La venue à Dakar du nouveau président protocolaire Félix Tshisekedi peut-elle accélérer la justice sénégalaise ? L’avocat de Paul Mwilambwe veut y croire. Surtout qu’il y a un peu plus d’une semaine, le président nommé Tshisekedi a déclaré vouloir suivre le dossier Chebeya de près. Selon Paul Nsapu, le secrétaire général de la FIDH, « Félix Tshisekedi tient à ce que toute la lumière soit faite sur la mort de Floribert Chebeya et Fidèle Bazana, et a dit qu’il va donner l’occasion aux familles des victimes de faire prévaloir leur droit ». L’avocat de Paul Mwilambwe a préparé un dossier complet qu’il compte remettre au président congolais et à son équipe, et espère que le cas Mwilambwe soit évoqué entre les deux présidents.

 

Paul Mwilambwe est né en République démocratique du Congo (RDC) 1973. Il est devenu commandant dans la Police nationale congolaise (PNC) en 2010. Mwilambwe était notamment responsable de la sécurité du général John Numbi, anciennement à la tête de la PNC. Le 1 juin 2010, Floribert Chebeya, directeur général de l’ONG « Voix des sans voix » (VSV), une organisation de défense des droits de l’homme, et son collègue et conducteur, Fidèle Bazana, également un membre de l’association, se sont rendus dans les locaux de la PNC afin d’y rencontrer Numbi. Le jour suivant, Chebeya a été retrouvé mort dans sa voiture tandis que Bazana avait disparu. Après les faits, le policier avait pris la fuite en Beligique quelque mois et puis le Sénegale, où il avait dénoncé devant le cinéaste Thierry Michel l’implication de John Numbi dans l’assassinat et la disparition de Chebeya et Bazana. Devant l’émotion internationale provoquée par l’affaire, John Numbi avait été suspendu et huit policiers, dont Paul Mwilambwe, inculpés.
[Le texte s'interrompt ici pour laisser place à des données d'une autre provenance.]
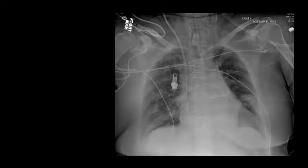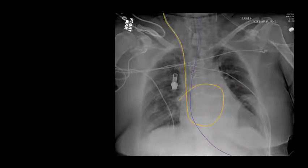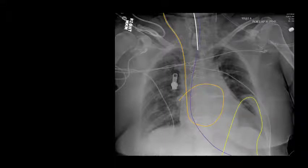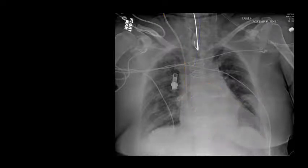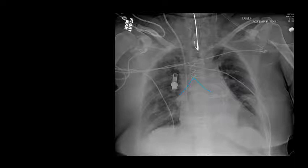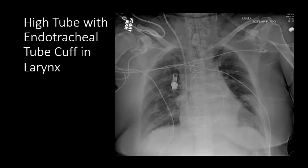Now take a look at this example and decide if you think the tube positioning is appropriate. This is a challenging case because there are multiple overlapping lines and tubes, but when we identify the thick white line that demarcates the endotracheal tube, we see the catheter terminating near the thoracic inlet. This is quite a distance from the carina and likely places the endotracheal cuff in the region of the true vocal folds. This catheter needs to be repositioned — it is too high.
Après un procès émaillé de nombreuses irrégularités, cinq policiers sont finalement condamnés, dont quatre à la peine de mort et un à perpétuité. Paul Mwilambwe réussit à prendre la fuite et se réfugie au Sénégal.

Numbi, avec l’aide de Mwilambwe et de sept autres officiers de police, auraient torturé et assassiné Chebeya et Bazana dans les locaux de la station de police le 1 juin 2010.
Le 23 juin 2011, la Cour a rendu son verdict. Trois policiers ont ainsi été acquittés, et cinq autres, dont Mwilambwe, ont été déclarés coupables du meurtre de Chebeya et de la détention illégale de Bazana, dont le corps n’a à ce jour toujours pas été retrouvé. Mwilambwe a été condamné à mort. Lors du procès, Mwilambwe a quitté la Belgique et s’est installé au Sénégal.

Le 2 juin 2014, les familles des victimes ont porté plainte au Sénégal contre Mwilambwe pour actes de torture, sur le fondement d’une loi du 12 février 2007 conférant une compétence universelle aux tribunaux nationaux. Cela fait maintenant plus de cinq ans que le major de la police congolaise est réfugié au Sénégal, en attente d’un procès et d’un jugement. Paul Mwilambwe est le témoin capital de l’un des meurtres les plus médiatiques de République démocratique du Congo (RDC) : celui du célèbre défenseur des droits de l’homme de la Voix dans sans voix (VSV), Floribert Chebeya, en juin 2010. Le jour du double meurtre de Floribert Chebeya et de son chauffeur, Fidèle Bazana, Paul Mwilambwe était en charge de la sécurité du bureau du Général John Numbi, le chef de la police congolaise. Et il affirme avoir tout vu.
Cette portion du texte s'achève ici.